For her part, Shulevitz builds a case that is only a little bit tongue-in-cheek: The humanities are important, she argues, because they give us science fiction, which has led to new inventions – and new jobs. The cellphone? First envisioned, for all intents and purposes, in the communicators used on “Star Trek.” The submarine was inspired by Jules Verne’s “20,000 Leagues Under the Sea.”
The creator of Second Life, the online virtual world now marking its 10th anniversary, says he was inspired in large part by Neal Stephenson’s 1992 novel “Snow Crash.” A company now sells a device called the “Power Loader,” a suit with robotic legs that allows workers to carry hundreds of pounds. It’s based on the wearable forklift Sigourney Weaver dons in “Aliens.”
Shulevitz lists plenty of other examples as well – but her argument is, thankfully, somewhat more sophisticated than that.
The liberal arts are important, she argues, in part because they allow us a different perspective from which to examine these kinds of technologies and how they might affect and change our lives. It’s the kind of perspective that you don’t necessarily get when you’re absorbed in the hard sciences.
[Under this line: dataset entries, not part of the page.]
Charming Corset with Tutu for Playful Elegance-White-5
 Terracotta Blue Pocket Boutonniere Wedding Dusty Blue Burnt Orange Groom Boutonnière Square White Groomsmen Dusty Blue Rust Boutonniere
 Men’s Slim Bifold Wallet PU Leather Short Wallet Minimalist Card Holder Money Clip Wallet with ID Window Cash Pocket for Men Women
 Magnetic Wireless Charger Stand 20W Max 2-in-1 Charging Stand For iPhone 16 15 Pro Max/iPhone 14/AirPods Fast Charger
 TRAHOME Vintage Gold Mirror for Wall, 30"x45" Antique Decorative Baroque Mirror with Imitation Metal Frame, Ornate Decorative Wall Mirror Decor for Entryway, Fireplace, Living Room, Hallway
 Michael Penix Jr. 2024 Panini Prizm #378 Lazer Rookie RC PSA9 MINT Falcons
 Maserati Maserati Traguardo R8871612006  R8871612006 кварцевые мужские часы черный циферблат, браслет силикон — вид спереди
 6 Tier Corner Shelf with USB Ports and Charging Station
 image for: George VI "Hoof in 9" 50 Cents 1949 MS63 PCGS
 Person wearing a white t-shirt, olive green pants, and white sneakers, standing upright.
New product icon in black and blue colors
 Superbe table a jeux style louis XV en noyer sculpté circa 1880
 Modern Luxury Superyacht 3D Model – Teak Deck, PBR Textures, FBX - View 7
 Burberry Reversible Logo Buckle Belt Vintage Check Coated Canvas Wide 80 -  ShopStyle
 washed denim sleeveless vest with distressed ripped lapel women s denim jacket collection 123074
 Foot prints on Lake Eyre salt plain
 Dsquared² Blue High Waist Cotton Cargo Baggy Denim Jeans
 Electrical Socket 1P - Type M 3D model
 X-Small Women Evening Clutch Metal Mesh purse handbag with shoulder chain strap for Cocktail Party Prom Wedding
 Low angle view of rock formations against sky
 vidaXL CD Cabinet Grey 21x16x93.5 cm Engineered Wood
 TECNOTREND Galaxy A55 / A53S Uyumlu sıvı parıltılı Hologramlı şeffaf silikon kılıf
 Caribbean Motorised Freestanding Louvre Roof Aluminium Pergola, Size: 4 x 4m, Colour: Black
When I talked recently with Jon Louis Dorbolo, the assistant director of OSU’s Technology Across the Curriculum program – and someone poised at the intersection of technology and philosophy (a subject he’s taught for decades) – he reminded me of this great old quote from Albert Einstein: “We can’t solve problems by using the same kind of thinking we used when we created them.”
So let me pose what amounts to an amplification to the Shulevitz argument: The liberal arts are important because they teach us how to think.
To quote the report from the Academy of Arts and Sciences: Thriving over the long term in the global job market requires “qualities of mind: inquisitiveness, perceptiveness, the ability to put a received idea to a new purpose, and the ability to share and build ideas with a diverse world of others.”
My guess is those are skills that any employer would love to see in a new recruit.
And they are skills that any university or college should be proud to teach.